══ Excerpted data ══

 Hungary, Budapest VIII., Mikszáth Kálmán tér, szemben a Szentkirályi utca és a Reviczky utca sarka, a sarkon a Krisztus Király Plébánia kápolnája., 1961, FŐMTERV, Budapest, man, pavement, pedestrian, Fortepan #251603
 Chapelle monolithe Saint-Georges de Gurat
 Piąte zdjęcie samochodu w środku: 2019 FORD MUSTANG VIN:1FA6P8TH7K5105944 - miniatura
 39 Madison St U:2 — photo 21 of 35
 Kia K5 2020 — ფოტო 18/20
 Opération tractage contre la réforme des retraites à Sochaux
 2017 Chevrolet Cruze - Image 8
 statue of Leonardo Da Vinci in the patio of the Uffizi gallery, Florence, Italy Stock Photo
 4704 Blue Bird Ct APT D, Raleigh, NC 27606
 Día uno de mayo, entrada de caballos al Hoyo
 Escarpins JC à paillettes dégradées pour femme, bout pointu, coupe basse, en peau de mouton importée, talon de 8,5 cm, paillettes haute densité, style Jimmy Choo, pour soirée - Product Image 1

═══

■ Exercise requirements ■
Copy each line above exactly as it stands.

■ Exercise solution ■
 Hungary, Budapest VIII., Mikszáth Kálmán tér, szemben a Szentkirályi utca és a Reviczky utca sarka, a sarkon a Krisztus Király Plébánia kápolnája., 1961, FŐMTERV, Budapest, man, pavement, pedestrian, Fortepan #251603
 Chapelle monolithe Saint-Georges de Gurat
 Piąte zdjęcie samochodu w środku: 2019 FORD MUSTANG VIN:1FA6P8TH7K5105944 - miniatura
 39 Madison St U:2 — photo 21 of 35
 Kia K5 2020 — ფოტო 18/20
 Opération tractage contre la réforme des retraites à Sochaux
 2017 Chevrolet Cruze - Image 8
 statue of Leonardo Da Vinci in the patio of the Uffizi gallery, Florence, Italy Stock Photo
 4704 Blue Bird Ct APT D, Raleigh, NC 27606
 Día uno de mayo, entrada de caballos al Hoyo
 Escarpins JC à paillettes dégradées pour femme, bout pointu, coupe basse, en peau de mouton importée, talon de 8,5 cm, paillettes haute densité, style Jimmy Choo, pour soirée - Product Image 1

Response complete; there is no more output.